There’s a universality to boys everywhere.

Basically in every chapter that I wrote from Hussein’s point of view I asked myself “If I were in his shoes right now and all I knew was what a terrorist leader told me, what would I do?” I wrote him as a character who though he is illiterate, he has a spark of intelligence. He is able to question things, and in fact he’s self-aware enough to realize it’s a weakness that he can’t read and that he has to believe what people tell him.

How do you manage to write about the technology of flying without slowing the plot down?

When I was first writing fiction about flying, I think I was tempted to put in too much detail because I’m so interested in the subject myself.
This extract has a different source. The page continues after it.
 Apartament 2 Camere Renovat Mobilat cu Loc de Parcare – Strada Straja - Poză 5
But then I think with practice I got better in finding that sweet spot myself. The best advice I ever got was from a terrific creative writing teacher that you should let the reader overhear the technical details, and use them in a way that the context makes it clear what is going on.

How about the success of Tom Clancy who wrote a great deal of tech?
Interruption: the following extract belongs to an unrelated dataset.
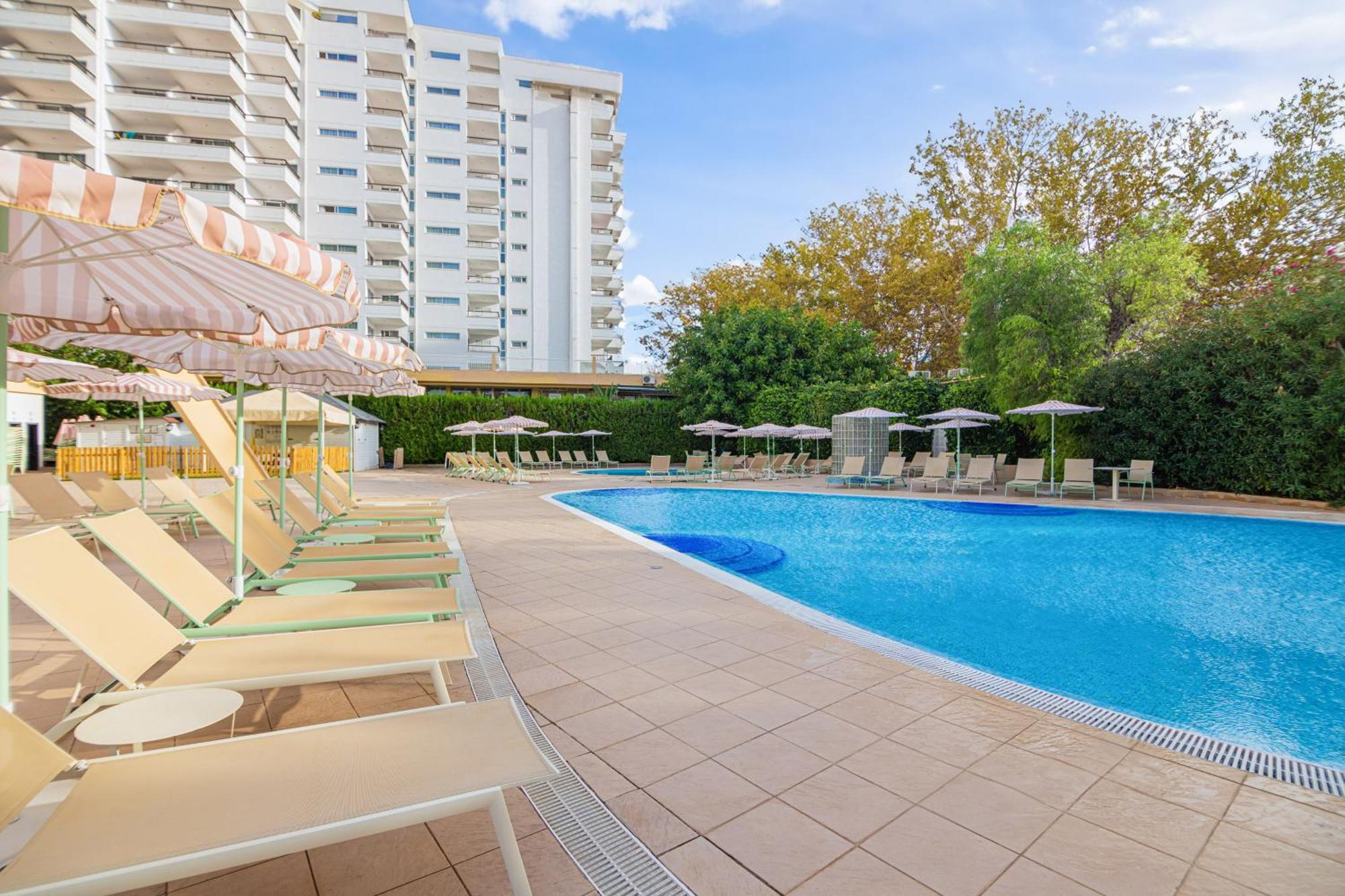 Hotel Sol Guadalupe Magaluf  Esterno foto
I think that Clancy included a lot more technical detail than I do. He got away with it because he did everything else so well. Different authors come in on different places on that. I think I come down in the middle.

I expect you come up with detailed outlines.

Not at all. You may find this hard to believe: I don’t outline at all. I had another creative writing teacher who said, “If you know what’s going to happen, why bother to write it?” Actually, when I first started writing novels this way I thought I was crazy. But at Thrillerfest and other conferences I’ve talked to people and I think about 40 percent of the writers I meet write by the seat of their pants and 60 percent outline it all.

How long does it take you to write a book?

Typically it takes a year, and that includes polishing and editing. I start the day by writing new text and I will tell myself I have to write 1,000 words a day. Sometimes that 1,000 words might come quickly, in two hours, and great I’m going fishing this afternoon. But if it takes me to supper time, I’ll force myself to sit at the computer until I finish that word count goal.

*****

tom youngTom Young served in Afghanistan and Iraq with the Air National Guard. He has also flown combat missions to Bosnia and Kosovo, and additional missions in Latin America, the horn of Africa, and the Far East. In all, Young logged nearly five thousand hours as a flight engineer on the C-5 Galaxy and the C-130 Hercules, while flying to almost forty countries. Military honors include three Air Medals, three Aerial Achievement Medals, and the Air Force Combat Action Medal. He served more than twenty years in the Air Guard and retired as a Senior Master Sergeant.

In civilian life, Young spent ten years as a writer and editor with the broadcast division of the Associated Press, and flew as a first officer for Independence Air, an airline based at Dulles International Airport near Washington, D.C. He holds B.A. and M.A. degrees in Mass Communication from the University of North Carolina at Chapel Hill. His novels include The Mullah’s Storm, Silent Enemy, The Renegades, The Warriors, and Sand and Fire.